La nostra Costituzione, lo sapete, dà grande importanza al lavoro. Già l’apertura è emblematica: «L’Italia è una Repubblica democratica, fondata sul lavoro», sancisce l’articolo 1. Ma poco oltre, all’articolo 4, l’argomento viene definito meglio: «La Repubblica riconosce a tutti i cittadini il diritto al lavoro e promuove le condizioni che rendano effettivo questo diritto. Ogni cittadino ha il dovere di svolgere, secondo le proprie possibilità e la propria scelta, un’attività o una funzione che concorra al progresso materiale o spirituale della società».
Ora, molto si potrebbe discutere su fino a quale punto questo articolo sia rispettato; ma è innegabile che la Repubblica promuova il lavoro: cerca – magari sbagliando, ma comunque ci prova – di varare leggi che favoriscano l’occupazione, interviene nelle vertenze sindacali, eroga dei sussidi per chi ha perso il lavoro e per chi lo cerca, finanzia delle scuole di formazione. Si potrebbe fare anche di più, siamo d’accordo; ma qualcosa si fa (e non è neanche pochissimo, se vogliamo essere onesti: in molte democrazie scandinave il sussidio di disoccupazione, ad esempio, non è statale ma privato).

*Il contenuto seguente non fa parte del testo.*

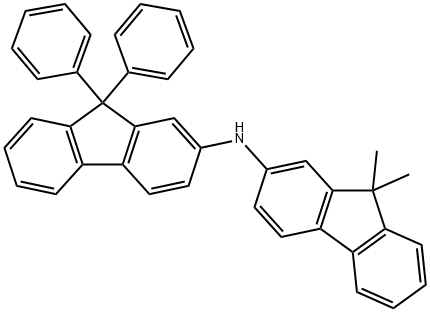 N-(9,9-dimethyl-9H-fluoren-2-yl)-9,9-diphenyl-9H-fluoren-2-amine Structure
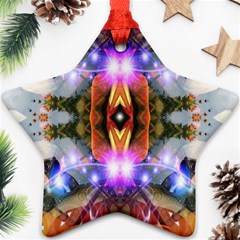 Connection Star Ornament (two Sides) by icarusismartdesigns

Diritto al lavoro, quindi, significa che lo Stato ti aiuta – o, meglio, mette in atto delle condizioni che ti possono aiutare – a trovare lavoro. Non che ti debba per forza dare lui lavoro. Non che ti debba dare il lavoro che vuoi tu, alle condizioni che vuoi tu. Questo non sta scritto da nessuna parte, questo non è un diritto.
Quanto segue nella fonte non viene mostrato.